◆ **THE PROBLEM**
Take the line containing "(Pyrgus speyeri - HESP-EB" and all lines after it, through the end of the material, and repeat them exactly, pictures left out.

◆ **DATA SHOWN**
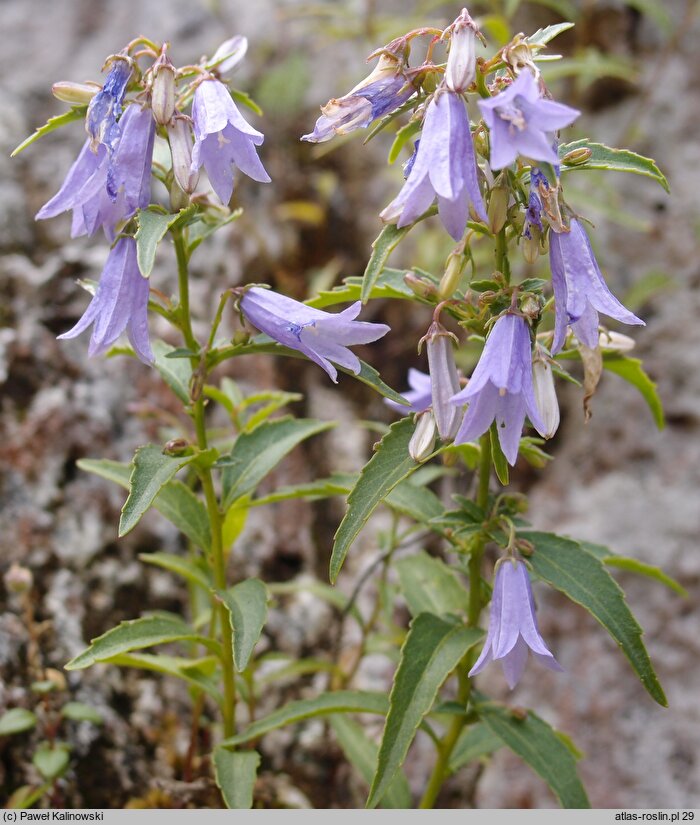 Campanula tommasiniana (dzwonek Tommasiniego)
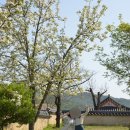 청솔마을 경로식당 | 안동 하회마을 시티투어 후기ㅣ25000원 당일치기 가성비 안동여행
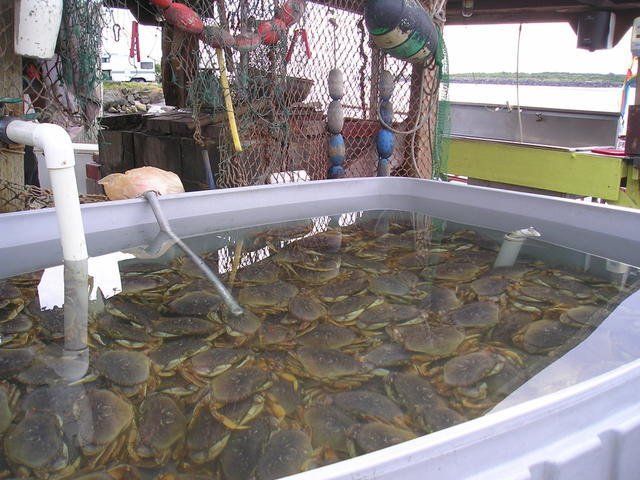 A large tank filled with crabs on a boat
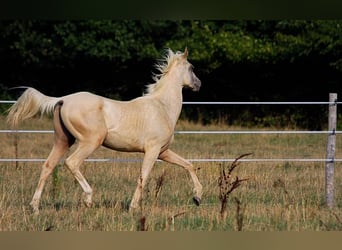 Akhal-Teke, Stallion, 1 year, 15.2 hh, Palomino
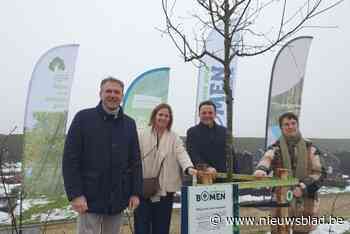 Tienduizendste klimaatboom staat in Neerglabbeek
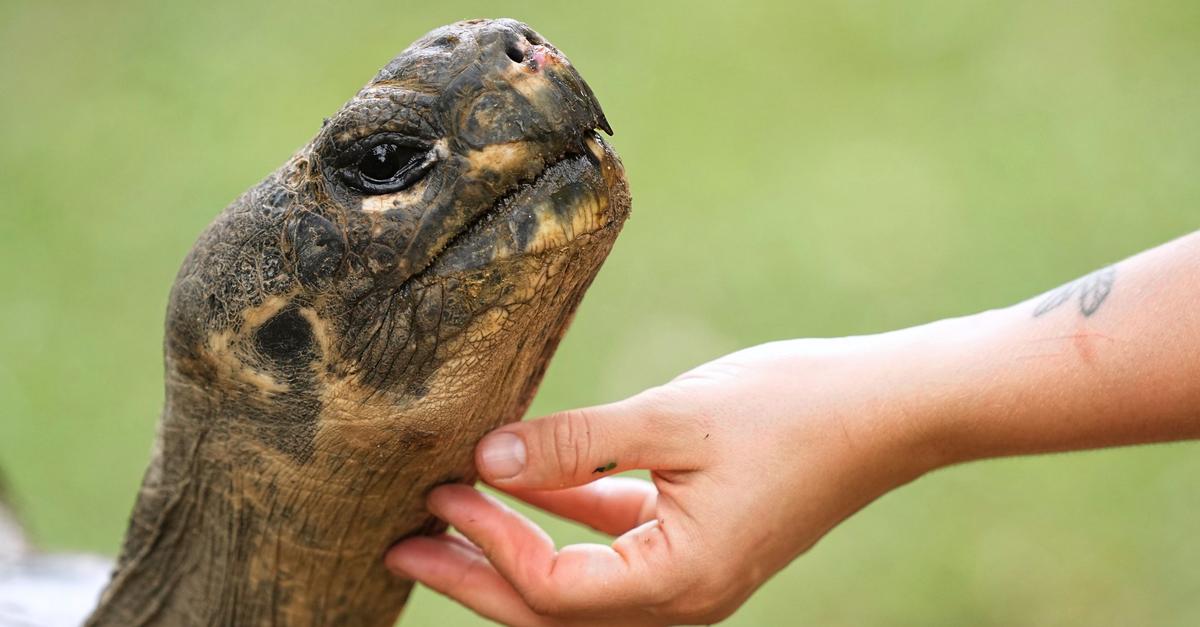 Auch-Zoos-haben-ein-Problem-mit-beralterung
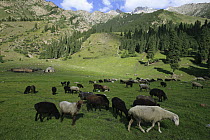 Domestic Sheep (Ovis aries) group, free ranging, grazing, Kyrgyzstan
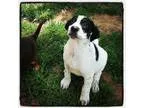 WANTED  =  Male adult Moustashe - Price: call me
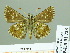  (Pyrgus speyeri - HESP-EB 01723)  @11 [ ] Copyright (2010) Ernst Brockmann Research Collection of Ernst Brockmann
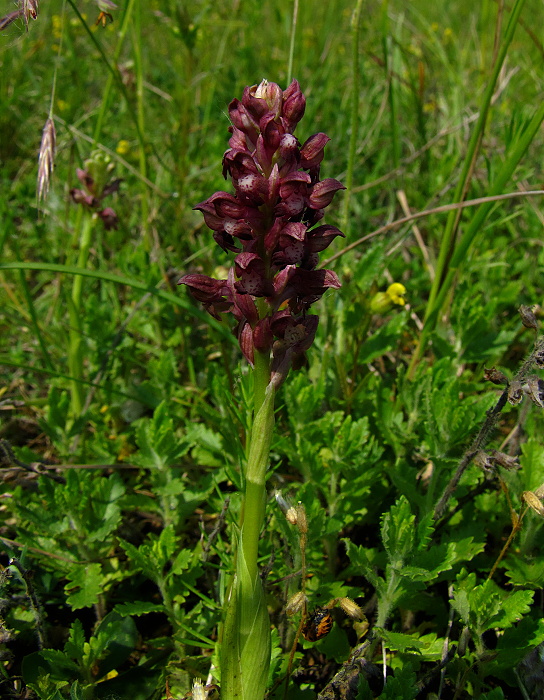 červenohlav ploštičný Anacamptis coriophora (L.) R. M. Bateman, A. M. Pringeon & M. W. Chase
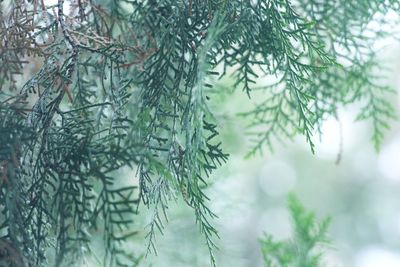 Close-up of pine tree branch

◆ **THE COMPLETED TASK**
  (Pyrgus speyeri - HESP-EB 01723)  @11 [ ] Copyright (2010) Ernst Brockmann Research Collection of Ernst Brockmann
 červenohlav ploštičný Anacamptis coriophora (L.) R. M. Bateman, A. M. Pringeon & M. W. Chase
 Close-up of pine tree branch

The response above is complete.